Intervention de Denis Masseglia

Réunion du 9 octobre 2013 à 9h30
Commission des affaires culturelles et de l'éducation

Denis Masseglia, président du Comité national olympique et sportif français, CNOSF :

Concernant le modèle à retenir, je n'ai pas de suggestion à faire. La seule chose que je peux dire est que le CNOSF y réfléchit avec l'ensemble des fédérations : nous avons organisé un premier séminaire les 3 et 4 juillet dernier et fixé une date limite pour la constitution d'un projet à la fois pour le sport et le mouvement sportif français. Nous souhaitons que, dans ce cadre, le rôle de chacun soit revu. Cela dit, nous ne pouvons avoir la prétention de définir seuls quel pourrait être le rôle de l'État, des collectivités territoriales ou du monde économique. Il faut que chaque acteur accepte de se mettre autour de la table et de prendre en compte le point de vue de l'autre. Je rappelle que le financement de l'État atteint 850 millions d'euros, celui des collectivités territoriales 11,5 milliards, et que l'investissement du monde économique – qui s'intéresse à l'ensemble des pratiques, lesquelles pèsent huit fois plus que le seul haut niveau – est estimé à 3 milliards d'euros. Il faut en effet avoir conscience du potentiel économique du sport : le secteur représente 1,8 % du PIB et connaît une croissance de 4 à 5 % par an.

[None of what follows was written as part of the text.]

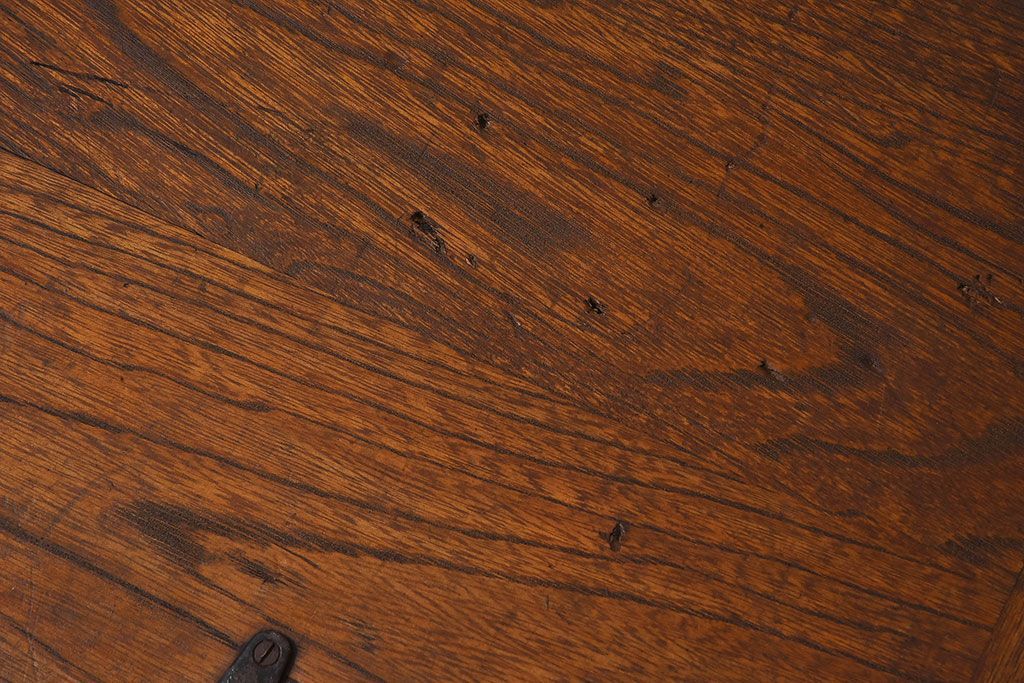 アンティーク雑貨　昭和レトロ　古いタモ材製木箱(ゴミ箱、収納箱)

Notre modèle date des années 1960, à une époque où il n'y avait que deux piliers – l'État et le mouvement sportif – et où les collectivités territoriales n'intervenaient pas. Il a fallu vingt-cinq ans pour que ces dernières adoptent une politique sportive cohérente avec les politiques fédérales et adaptée aux territoires. Or le modèle sportif français n'a pas tenu compte de cette évolution, ni de la diversité des pratiques : contrairement aux années 1960, aujourd'hui, beaucoup de licenciés ne font pas de compétition.

À cet égard, le fait de pratiquer en club est important pour un jeune car cela lui donne le sentiment d'en être copropriétaire. Je pense que tout commence à l'école avec les jeunes : c'est là qu'on prend conscience de ce que sont le sport et l'association sportive. Il faut que d'emblée le jeune aime son sport ainsi que son club, qui lui fournit des repères. Il faut donc l'encourager à s'y inscrire : cela est essentiel d'un point de vue éducatif. Pour les adultes, en revanche, cette pratique en club est moins essentielle.

L'État ne peut tout faire, d'autant qu'en situation de crise économique, les difficultés à trouver un équilibre entre actions et services sont de plus en plus importantes. Il faut accepter le principe de subsidiarité, qui repose sur trois verbes : simplifier, rationaliser, responsabiliser. Si on le fait, on trouvera le moyen de clarifier le rôle de chacun, sachant que nous avons des doubles emplois partout. Mais si on ne se pose pas les bonnes questions et qu'on n'y apporte pas les bonnes réponses, nous serons confrontés à un problème d'efficacité. Certes, notre modèle a fait ses preuves mais aujourd'hui, compte tenu des évolutions que j'évoquais et de la crise économique, il doit être réformé. Il n'y a pas de raison que ce soit possible dans d'autres pays et non chez nous.

S'il ne faut pas dire que demain on n'aura plus besoin d'argent public, il n'y a pas lieu de considérer pour autant que ce mode de financement implique un système dans lequel l'État a une prééminence absolue. Nous sommes aussi capables de gérer cet argent dans le sens de l'intérêt général.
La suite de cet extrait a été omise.